Police have arrested a 23-year-old man in connection with the attack carried out late on Monday evening as about 21 000 concert-goers, mostly youngsters, began leaving the venue.
Prime Minister Theresa May said outside her Downing Street office in London yesterday: “All acts of terrorism are cowardly… but this attack stands out for its appalling sickening cowardice, deliberately targeting innocent, defenceless children and young people who should have been enjoying one of the most memorable nights of their lives.”
Manchester authorities remained on high alert, while London Mayor Sadiq Khan said more police had been ordered onto the streets of the capital.

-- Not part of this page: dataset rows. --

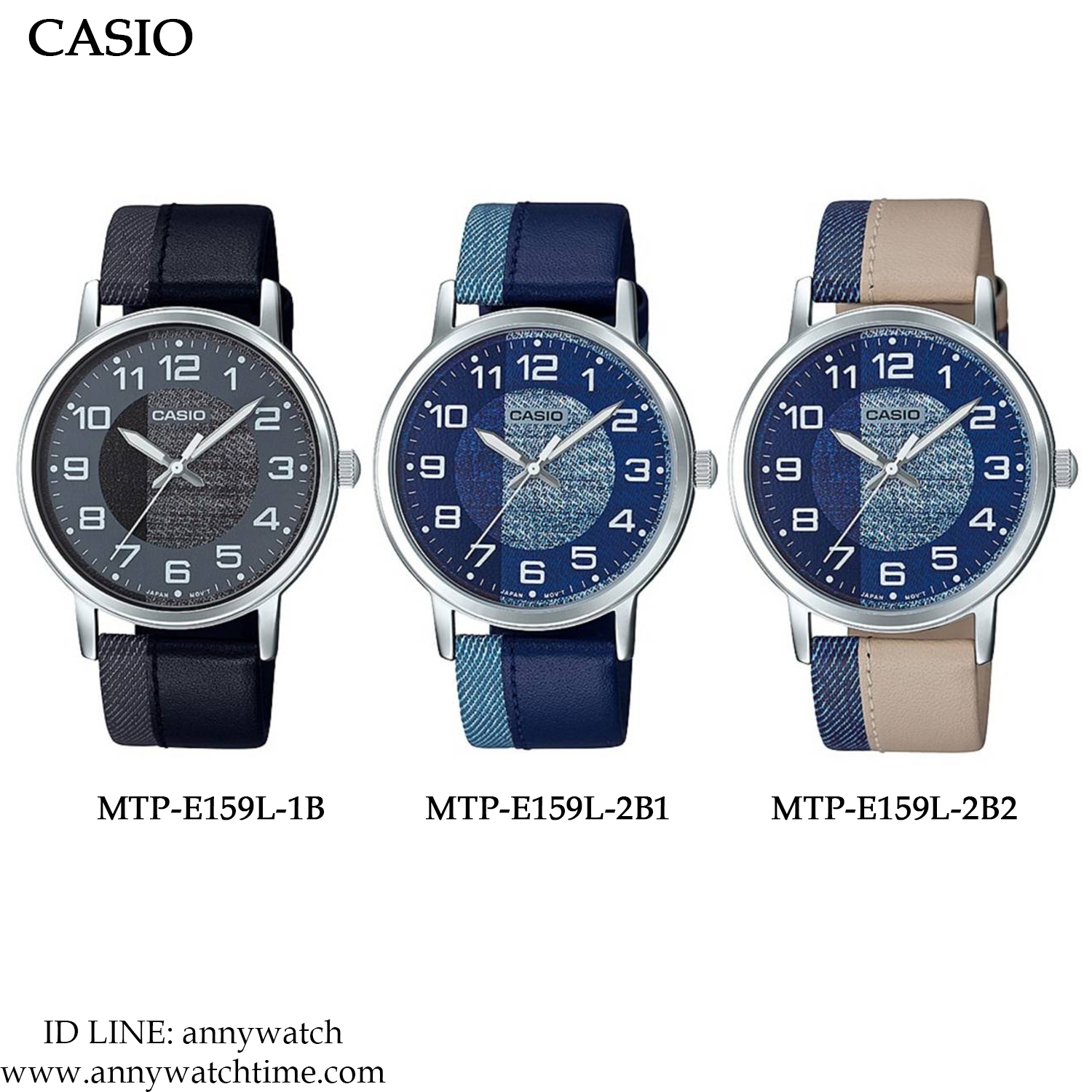 CASIO MTP-E159L-2B2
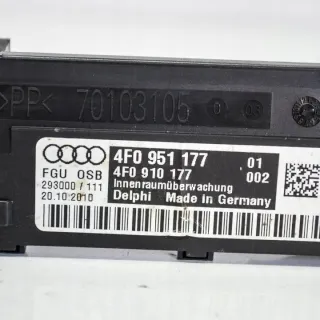 4F0951177 Блок управления (другие) Audi A6 C6 (S6,RS6) Арт e12115247, вид 3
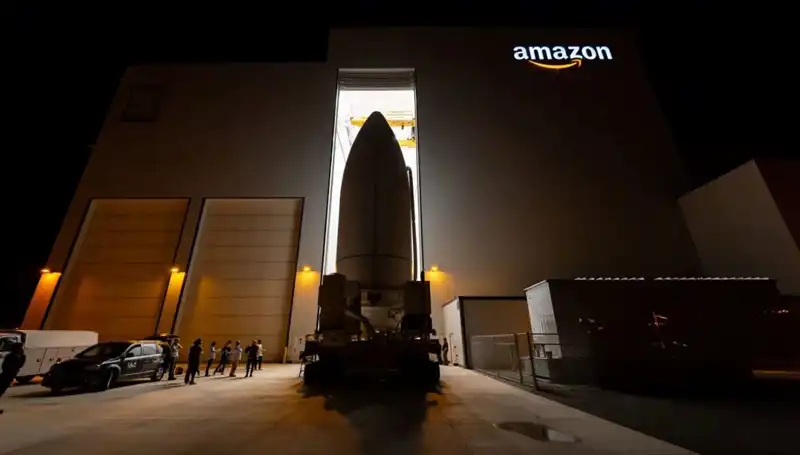 Amazon'un Kuiper Projesi: İlk Uydu Grubunu Fırlatarak Uzayda Yeni Bir Dönem Başlatıyor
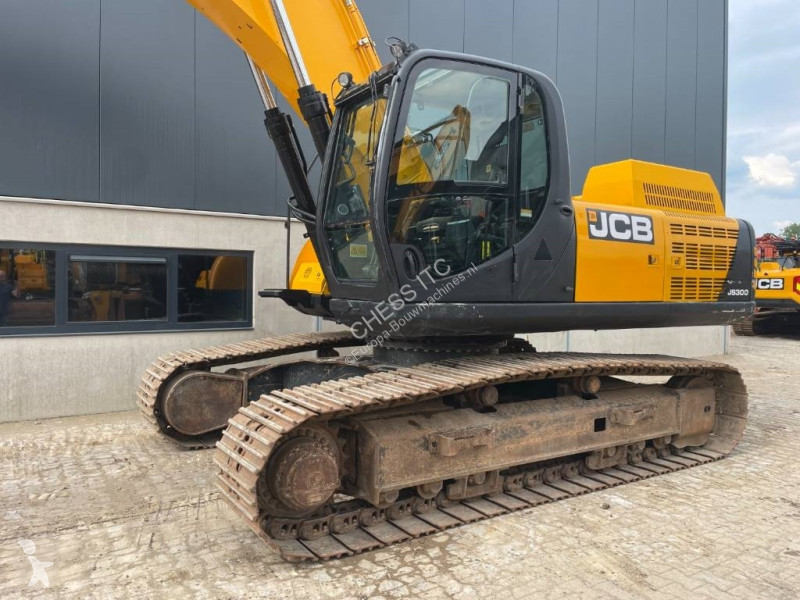 Skovl JCB -- JS 300 LC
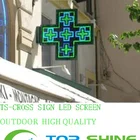 P10 outdoor LED Pharmacy cross sign display module screen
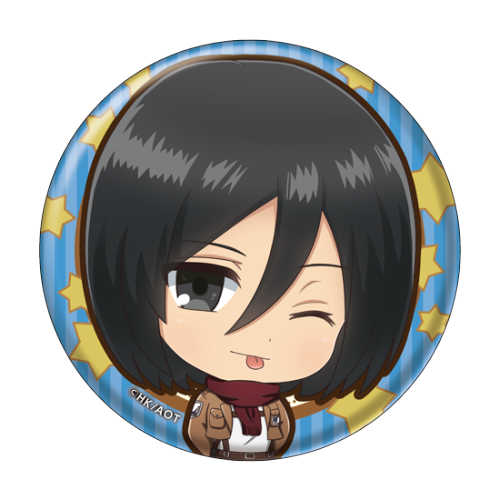 fuku-shuu: ► ► ► SnK x Cocollabo 2017 Can Badges  More SnK Merchandise || General SnK News & Updates 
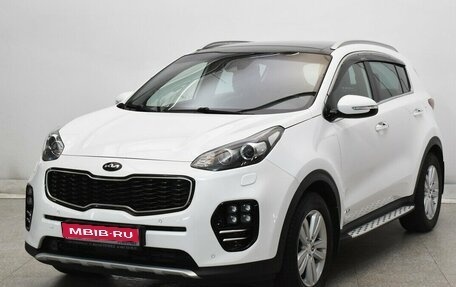 KIA Sportage IV рестайлинг, 2016 год, 1 680 000 рублей, 1 фотография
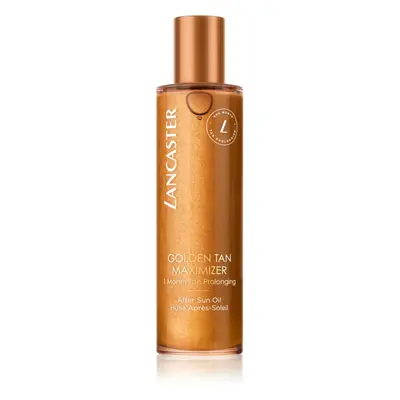 Lancaster Golden Tan Maximizer After Sun Oil olio corpo per prolungare la durata dell'abbronzatu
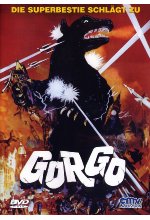 Gorgo - Die Superbestie schlägt zu DVD-Cover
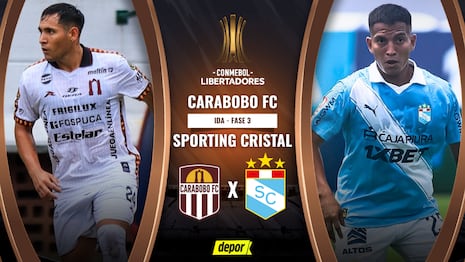 Dónde ver Sporting Cristal vs. Carabobo FC EN VIVO: canales de TV vía ESPN y FOX Sports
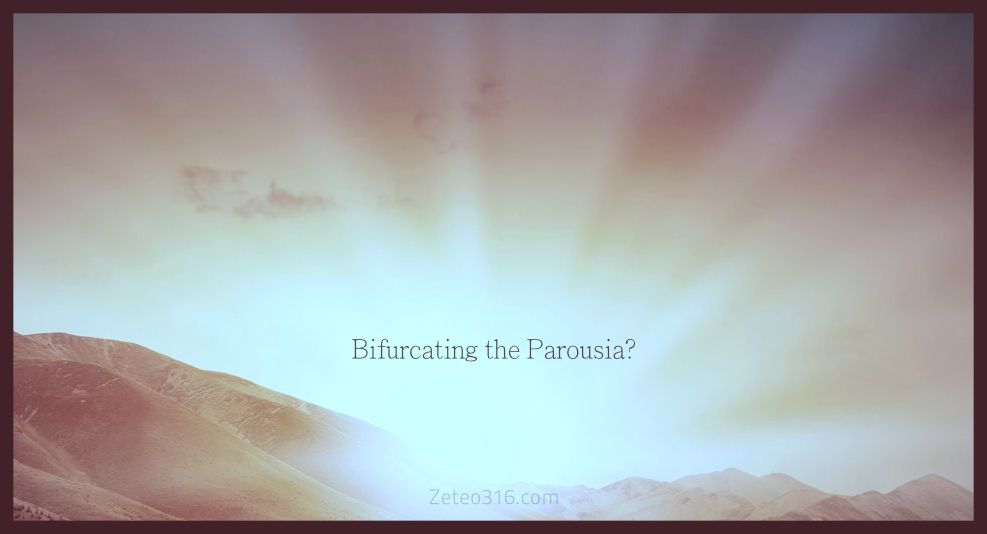 Bifurcating the Parousia? Is that what pretribulationists do?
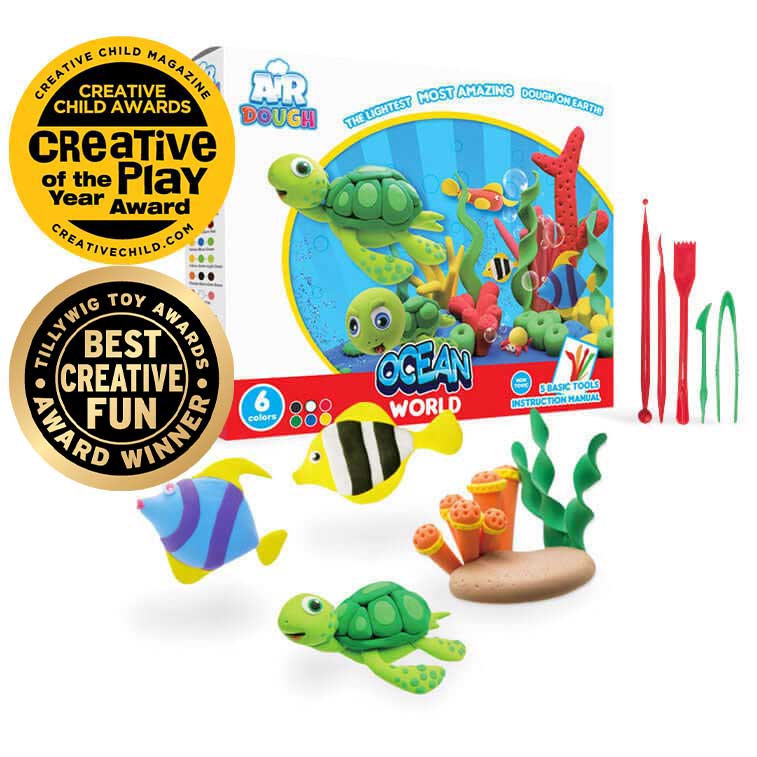 Air Dough Ocean World Packaging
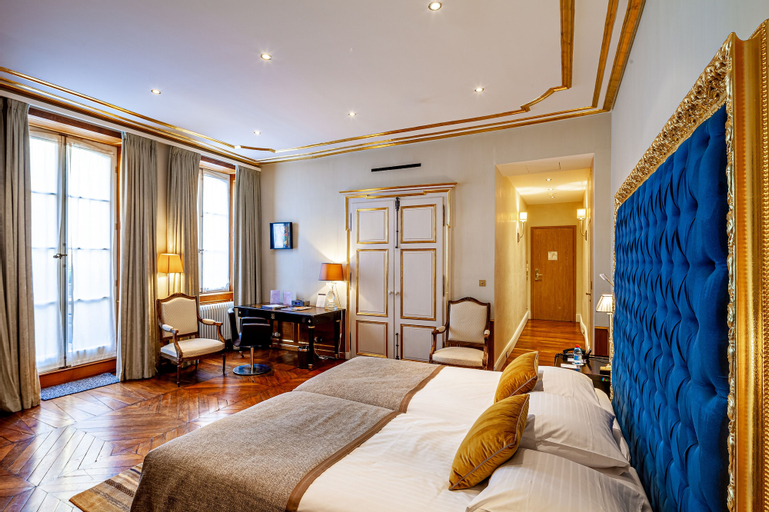 Bedroom 2, Hotel Le Place d'Armes - Relais & Châteaux, Luxembourg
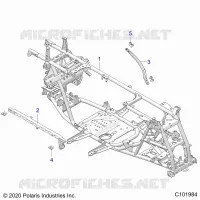 CHASSIS, MAIN RAHMEN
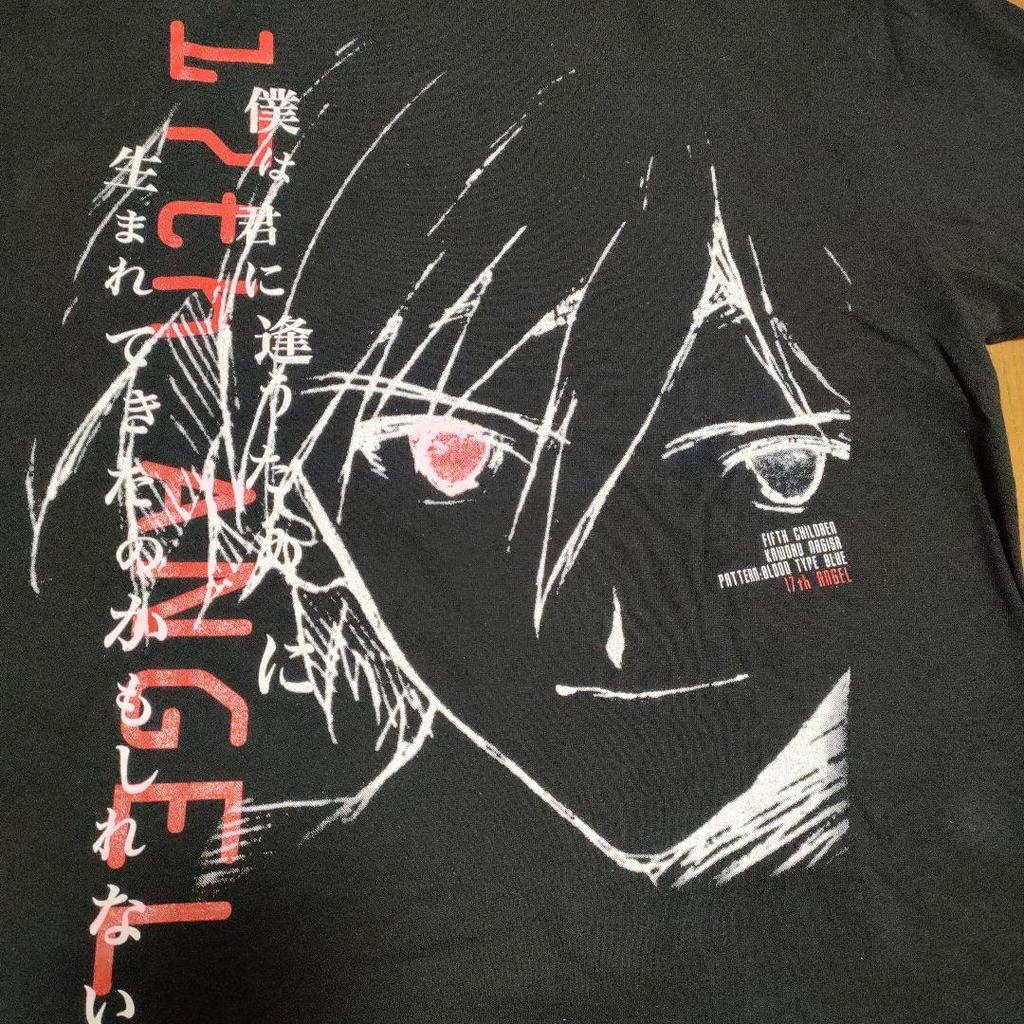 [Б/У] Cospa Евангелион Нагиса Каору Аниме Футболка, Размер L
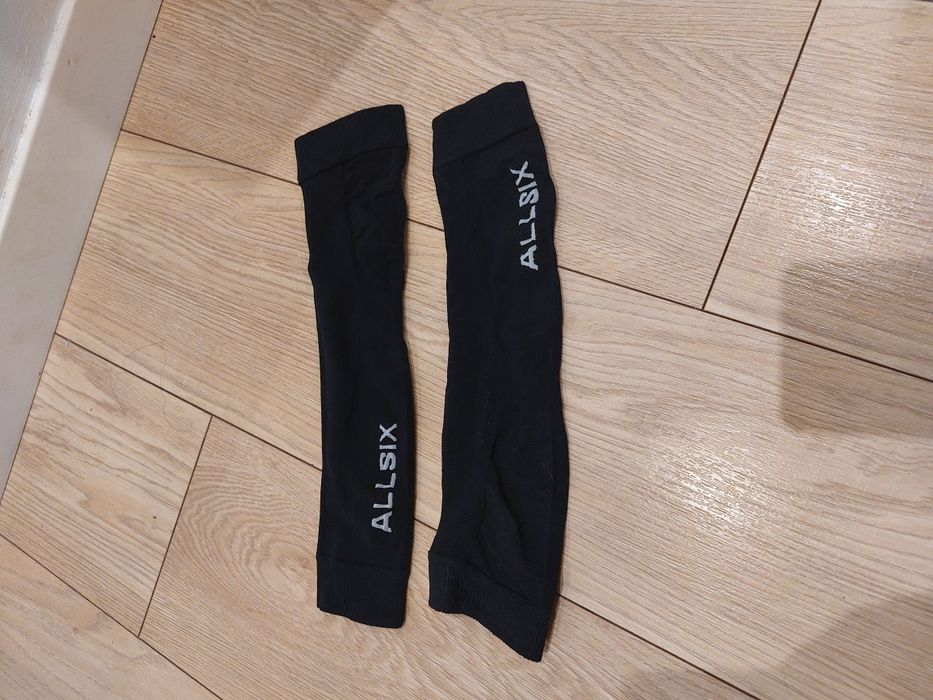 Luvas e mangas para estafetas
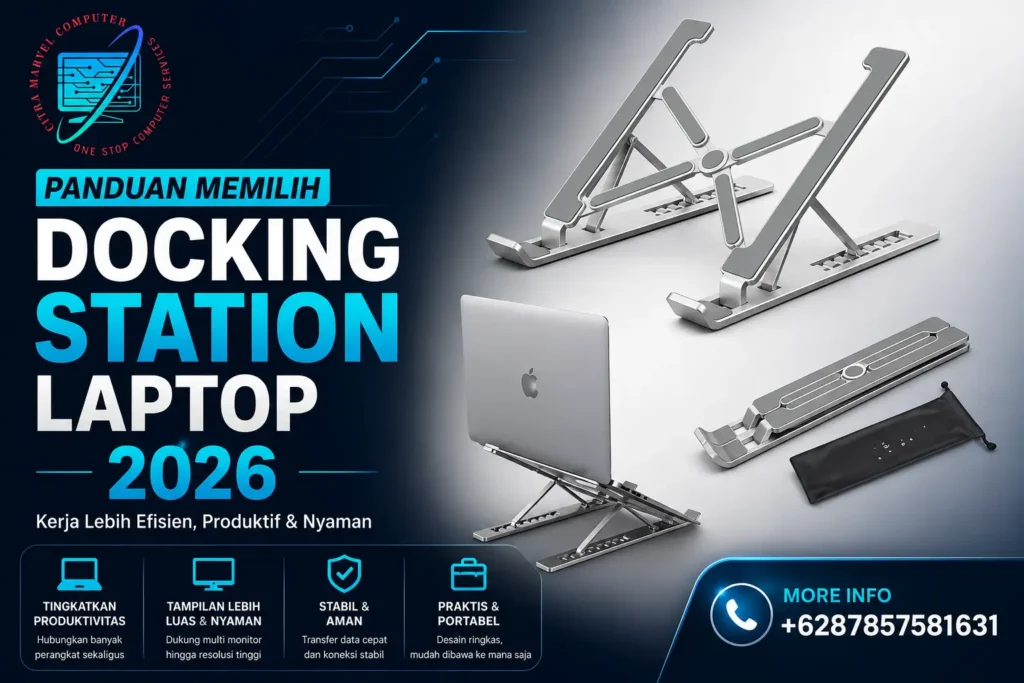 Panduan Memilih Docking Station Laptop 2026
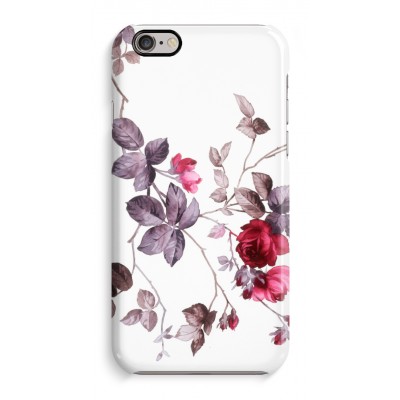 coque-iphone-6-6s-impression-sur-la-tranche - Jolies fleurs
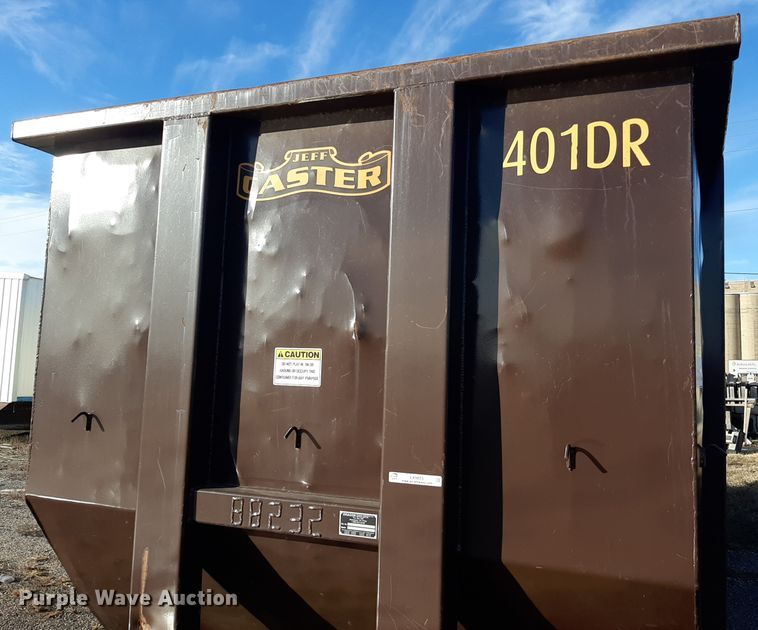 image for item LX9873 Dragon  roll-off container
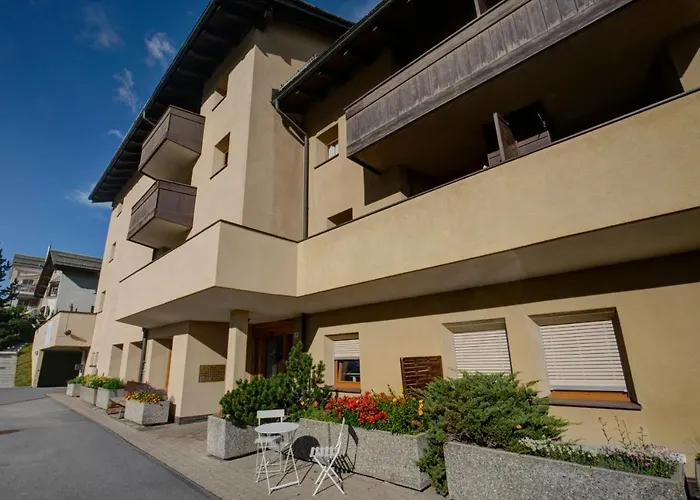 Apartman Chesa Munteratsch 2-zimmerwohnung 610 Typ E Silvaplana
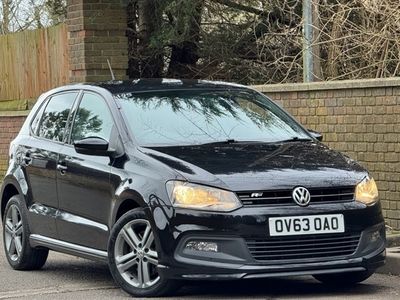 used VW Polo 1.2L R LINE TSI 5d 104 BHP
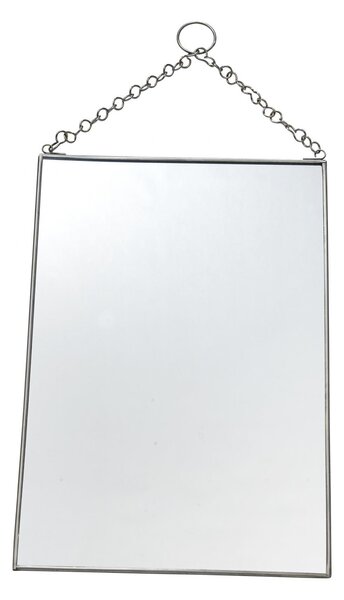 Závesné zrkadlo Silver
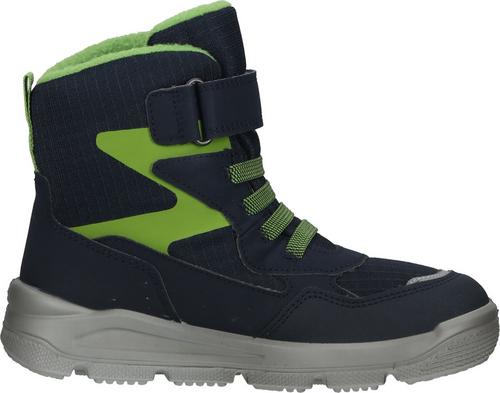 Rückansicht von superfit GTX Stiefel Stiefel Kinder Blau/Grün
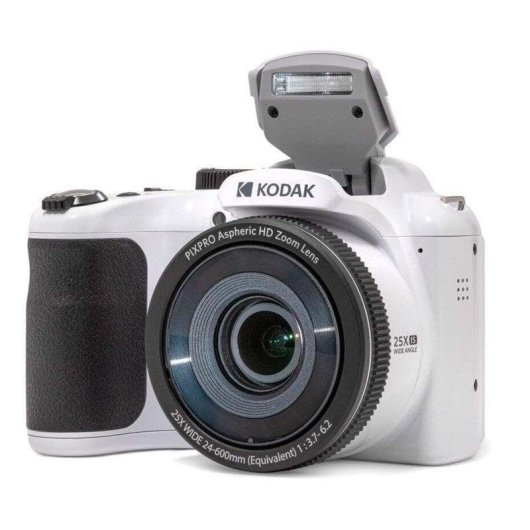 Bridgekamera Kodak Pixpro AZ255 16MP Zoom 25x FHD Weiß
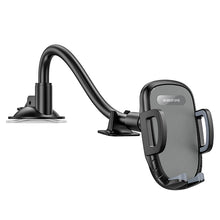 Заредете изображение във визуализатора на галерията – Borofone Car holder BH54 Racer with windshield mount black
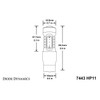 Diode Dynamics 7440/7443 HP11 Backup LED Bulbs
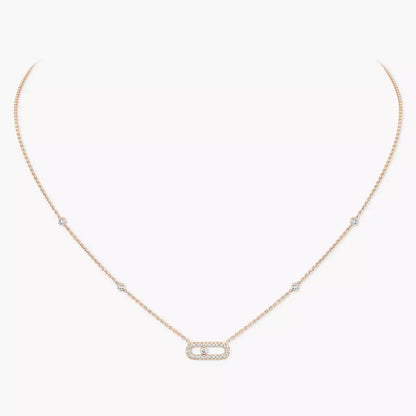 [Riva Jewelry]Move Uno Necklace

Monday’s attack was the deadliest in Britain since four British Muslims killed 52 people in suicide bombings on London’s transport system in 2005.
Witnesses said a stampede ensued following Monday night’s blast.
“We ran and people were screaming around us and pushing on the stairs to go outside and people were falling down, girls were crying, and we saw these women being treated by paramedics having open wounds on their legs … it was just chaos,” said Sebastian Diaz, 19.
US President Donald Trump described the attack as the work of “evil losers”.
The SA government has offered its commiserations, with spokesperson Nelson Kgwete saying: “President Jacob Zuma has extended his condolences to the government and the people of the United Kingdom, in particular, the families and the loved ones of those that have lost the relatives.”